* **Material provided**
'''
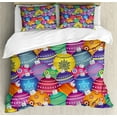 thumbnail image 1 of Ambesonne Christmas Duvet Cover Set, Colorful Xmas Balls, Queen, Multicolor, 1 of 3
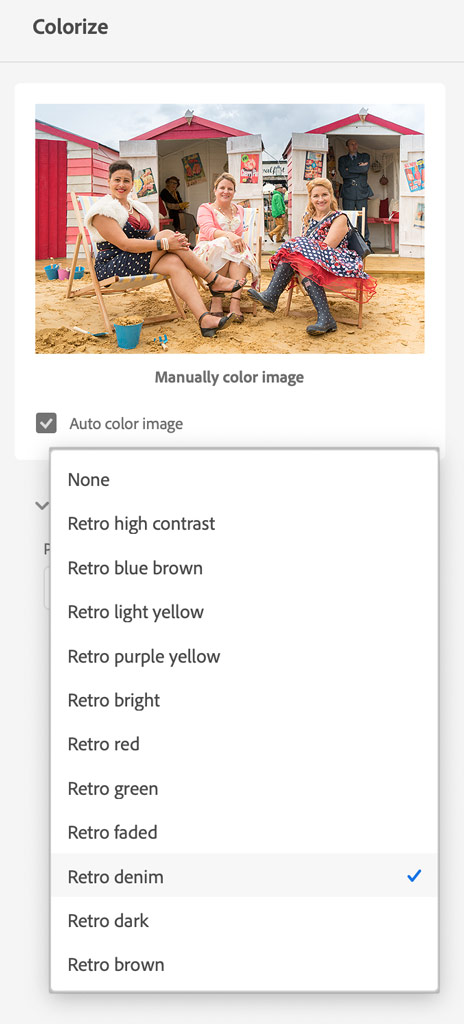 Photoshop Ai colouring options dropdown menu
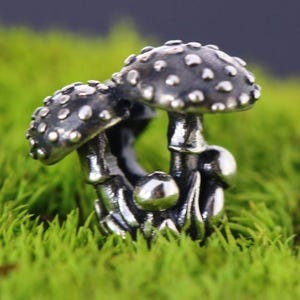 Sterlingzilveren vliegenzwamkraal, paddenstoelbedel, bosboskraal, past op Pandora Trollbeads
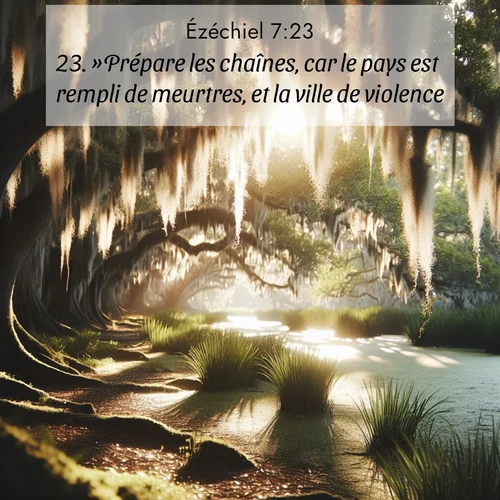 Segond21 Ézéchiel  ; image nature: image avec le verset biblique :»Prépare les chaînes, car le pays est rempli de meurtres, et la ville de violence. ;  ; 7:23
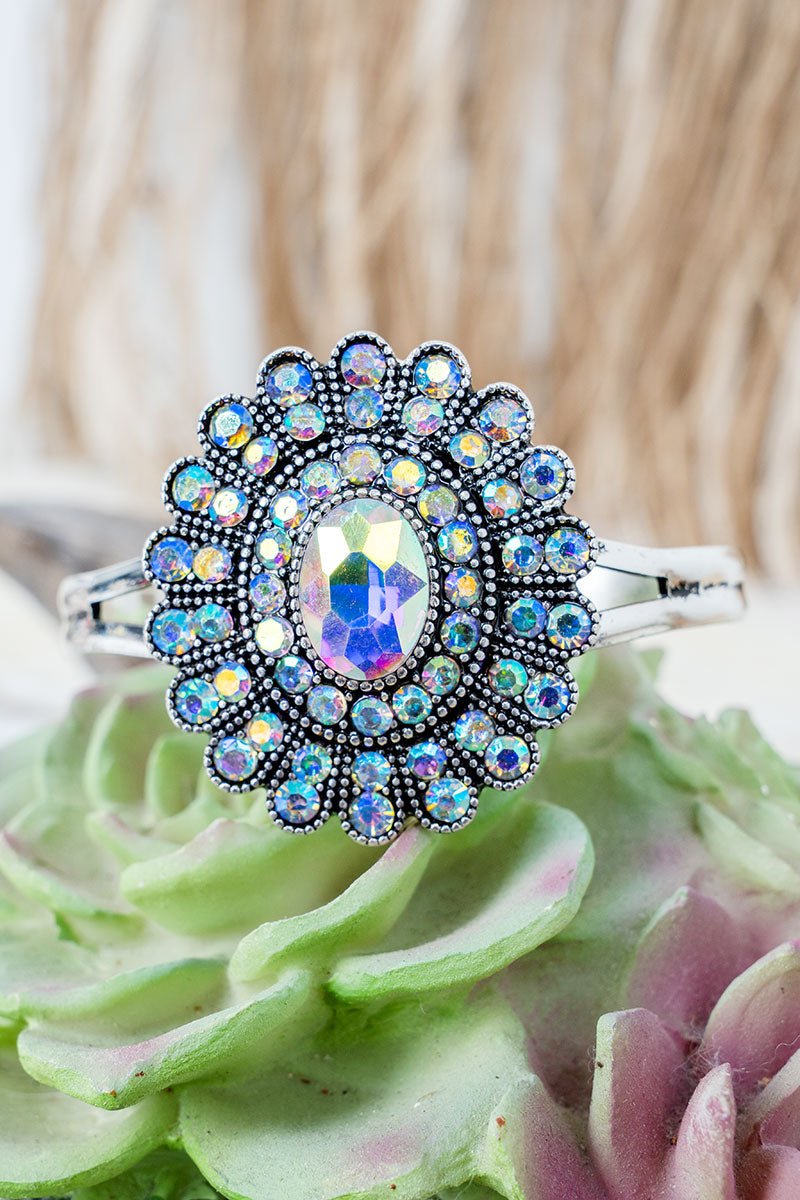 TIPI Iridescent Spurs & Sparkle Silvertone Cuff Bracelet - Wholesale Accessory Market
'''
* **Brief**
Look above for the line containing "op Pandora Trollbeads"; output that line and all lines after it through the last one exactly, without the pictures.

* **Answer space**
 Sterlingzilveren vliegenzwamkraal, paddenstoelbedel, bosboskraal, past op Pandora Trollbeads
 Segond21 Ézéchiel  ; image nature: image avec le verset biblique :»Prépare les chaînes, car le pays est rempli de meurtres, et la ville de violence. ;  ; 7:23
 TIPI Iridescent Spurs & Sparkle Silvertone Cuff Bracelet - Wholesale Accessory Market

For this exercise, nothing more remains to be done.